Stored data

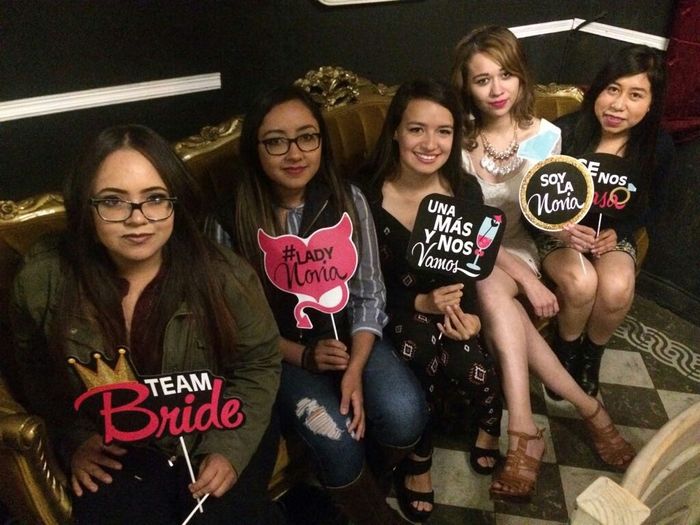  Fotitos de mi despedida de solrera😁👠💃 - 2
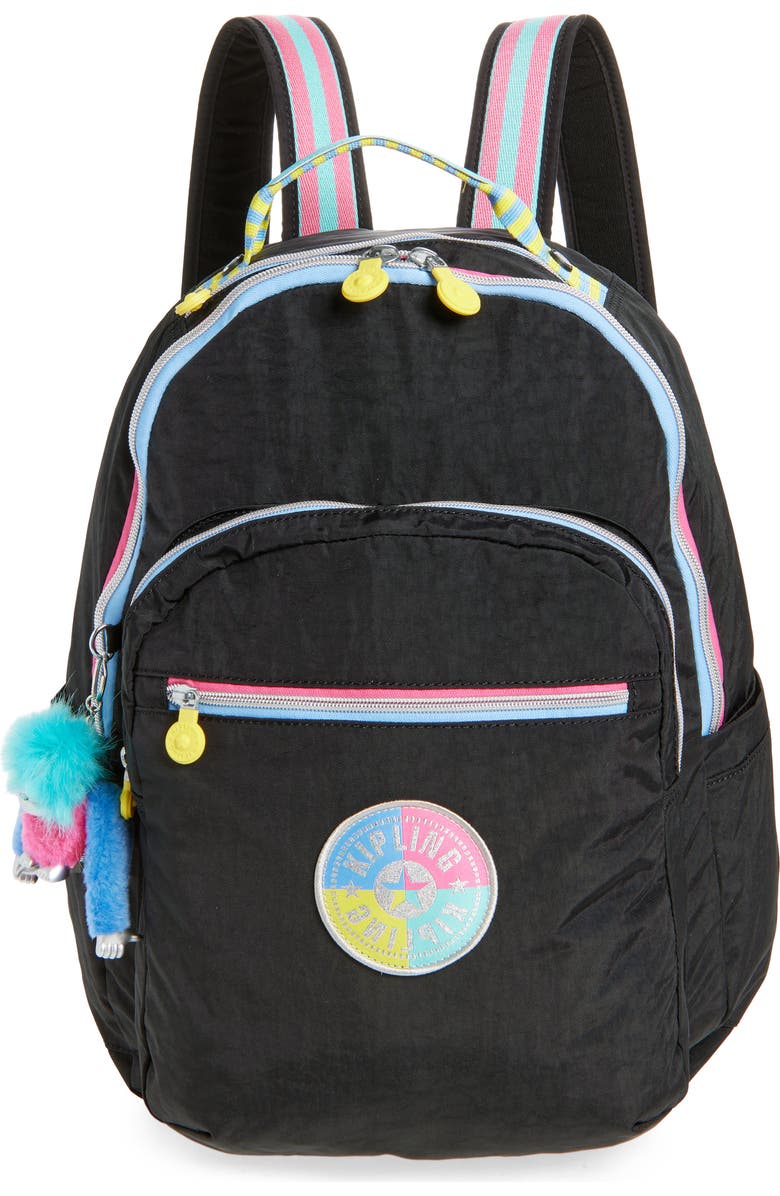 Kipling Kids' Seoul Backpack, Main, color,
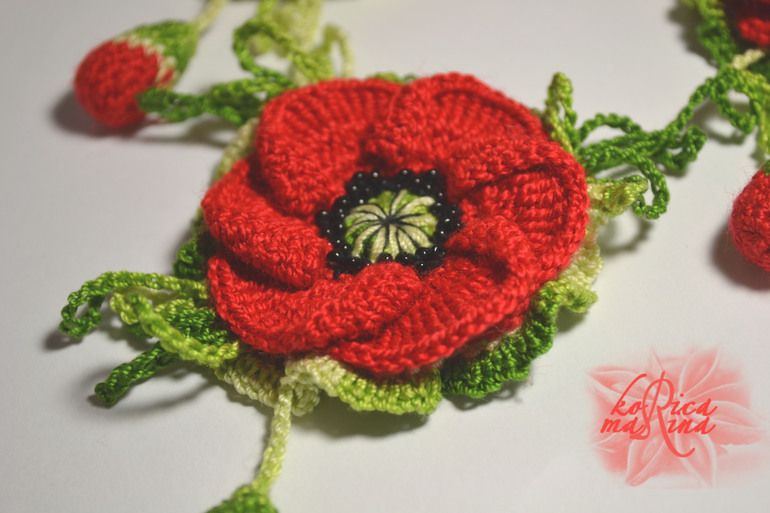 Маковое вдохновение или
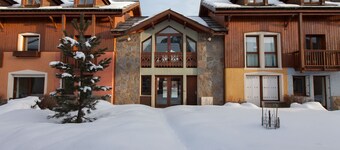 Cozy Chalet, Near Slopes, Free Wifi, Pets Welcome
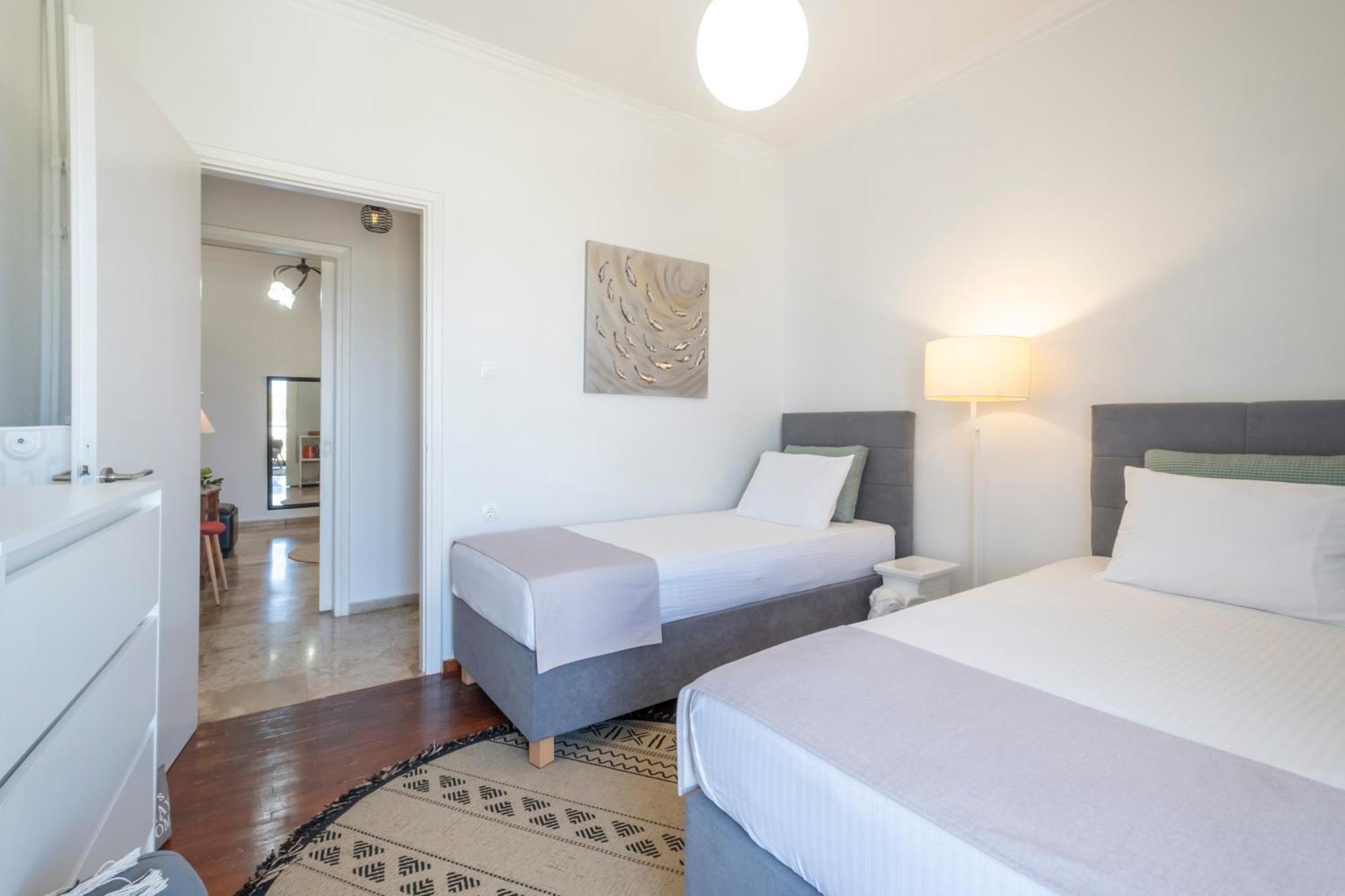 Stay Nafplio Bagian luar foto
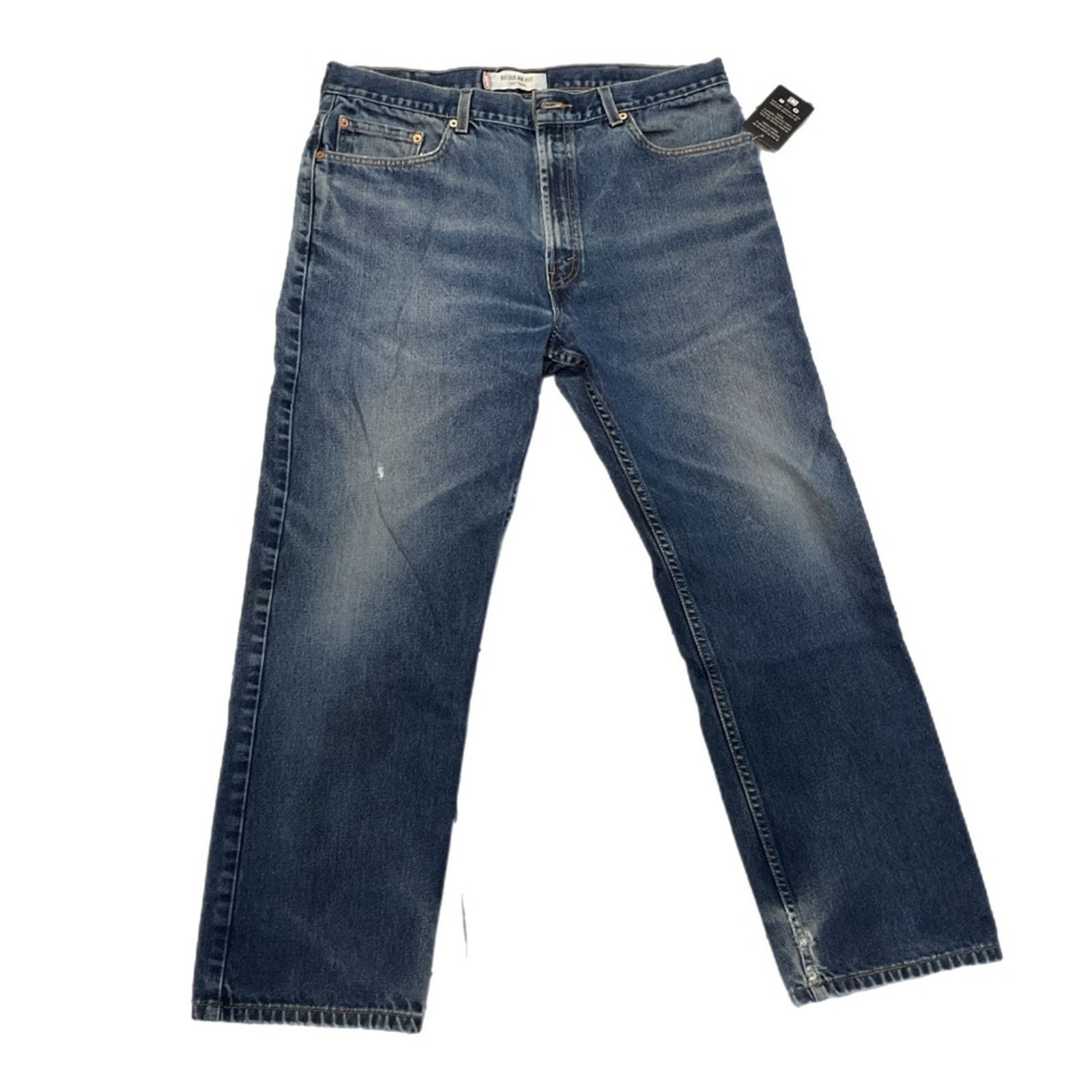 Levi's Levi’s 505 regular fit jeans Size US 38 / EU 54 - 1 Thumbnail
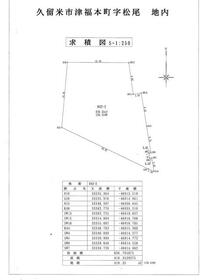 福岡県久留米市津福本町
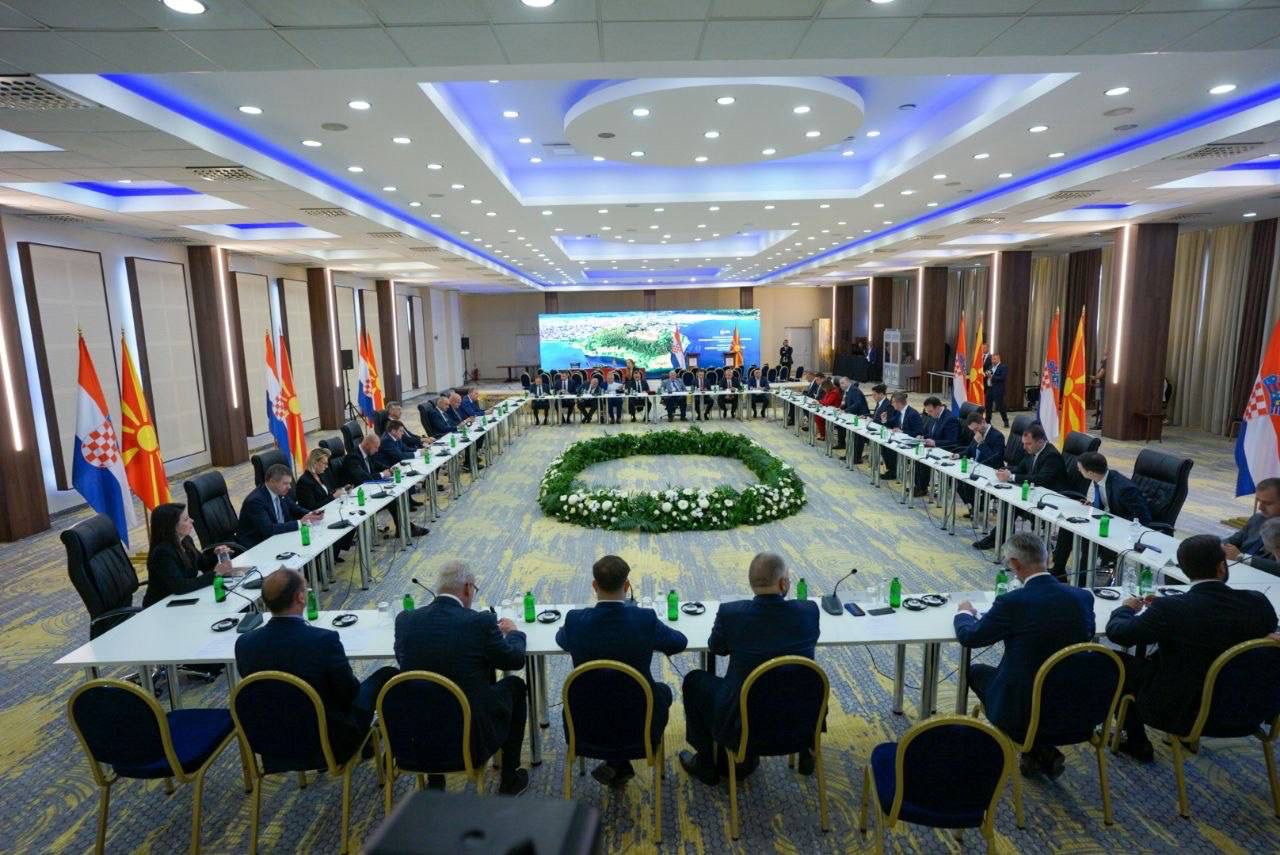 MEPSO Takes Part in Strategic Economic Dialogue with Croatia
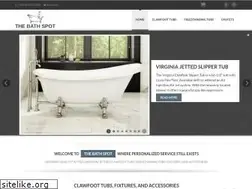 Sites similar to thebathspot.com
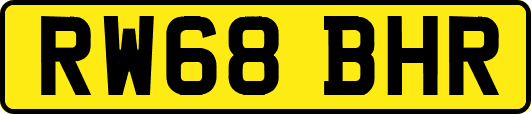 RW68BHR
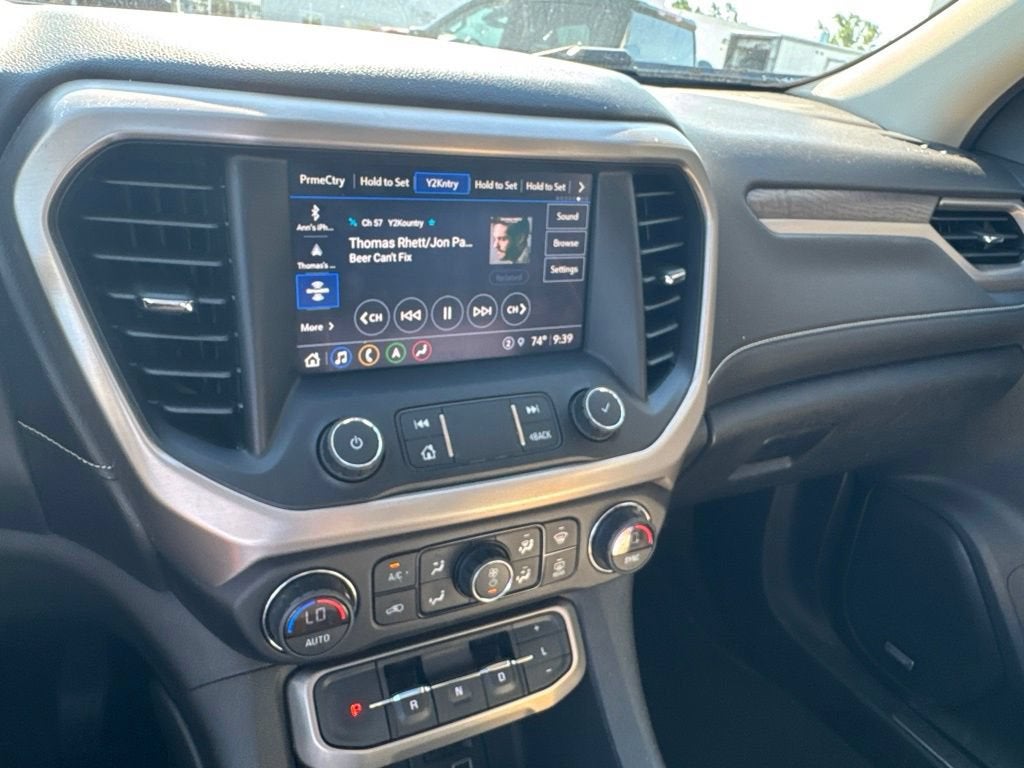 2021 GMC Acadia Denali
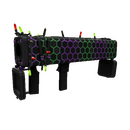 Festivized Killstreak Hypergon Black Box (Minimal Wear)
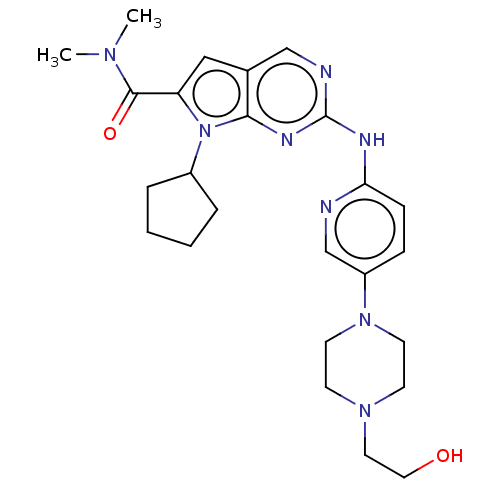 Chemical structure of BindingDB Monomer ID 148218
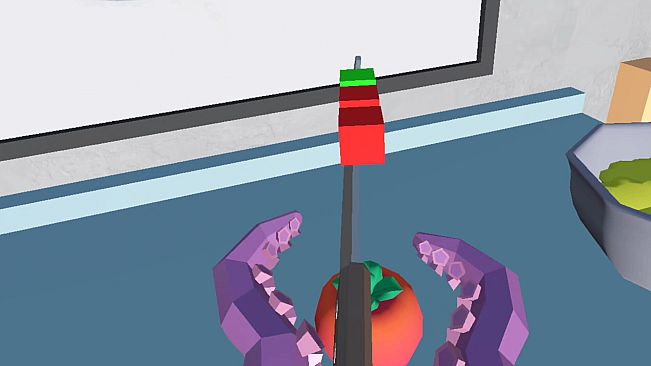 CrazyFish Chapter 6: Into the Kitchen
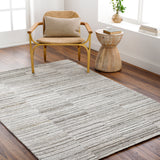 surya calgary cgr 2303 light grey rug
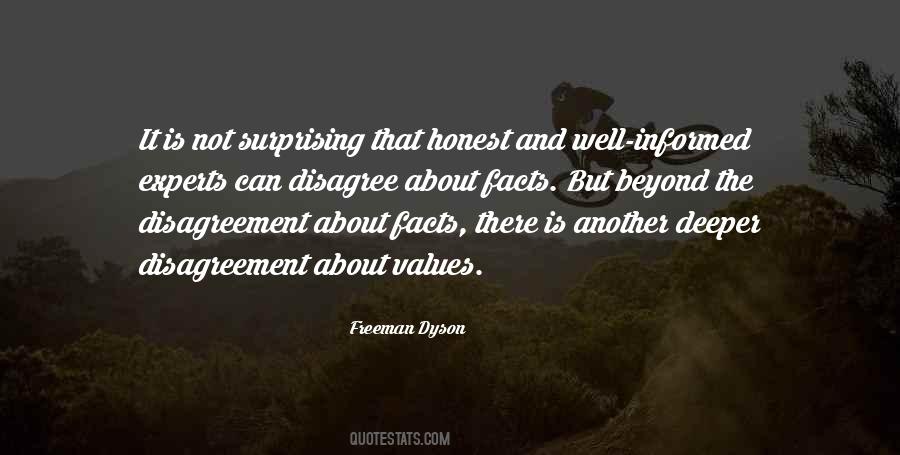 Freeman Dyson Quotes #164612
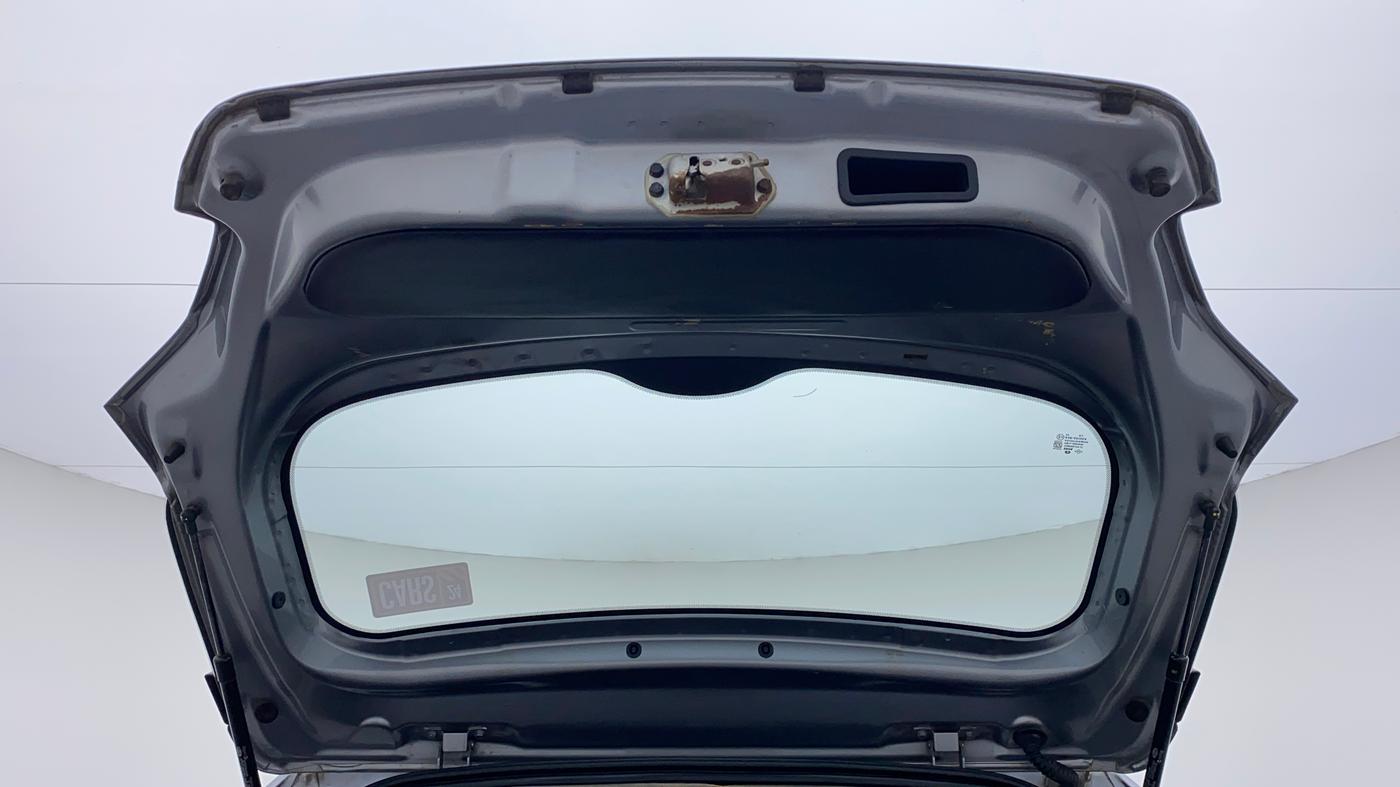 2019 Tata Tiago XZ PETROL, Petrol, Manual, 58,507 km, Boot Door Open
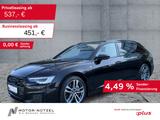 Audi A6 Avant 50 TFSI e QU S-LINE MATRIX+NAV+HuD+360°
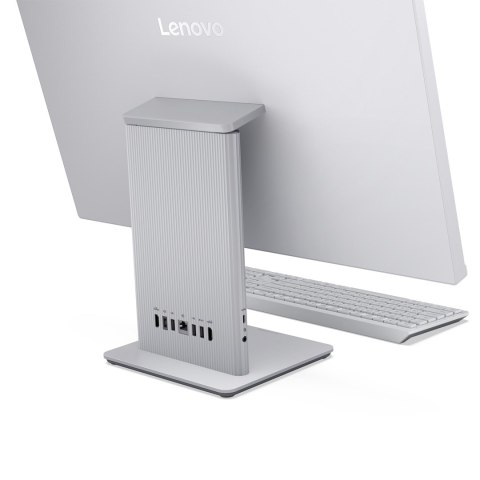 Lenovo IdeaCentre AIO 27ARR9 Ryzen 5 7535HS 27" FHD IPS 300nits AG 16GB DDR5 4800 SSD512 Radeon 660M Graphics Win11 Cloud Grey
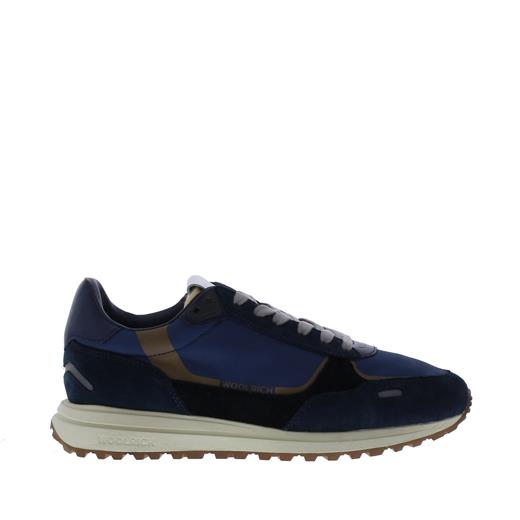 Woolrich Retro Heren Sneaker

— WHAT TO DO —
Repeat only the stretch of data above that runs from the line with "MEPSO Takes Part" to the line with "Audi A6 Avant". Keep both end lines; exclude pictures.

— ANSWER BOX —
 MEPSO Takes Part in Strategic Economic Dialogue with Croatia
 Sites similar to thebathspot.com
 RW68BHR
 2021 GMC Acadia Denali
 Festivized Killstreak Hypergon Black Box (Minimal Wear)
 Chemical structure of BindingDB Monomer ID 148218
 CrazyFish Chapter 6: Into the Kitchen
 surya calgary cgr 2303 light grey rug
 Freeman Dyson Quotes #164612
 2019 Tata Tiago XZ PETROL, Petrol, Manual, 58,507 km, Boot Door Open
 Audi A6 Avant 50 TFSI e QU S-LINE MATRIX+NAV+HuD+360°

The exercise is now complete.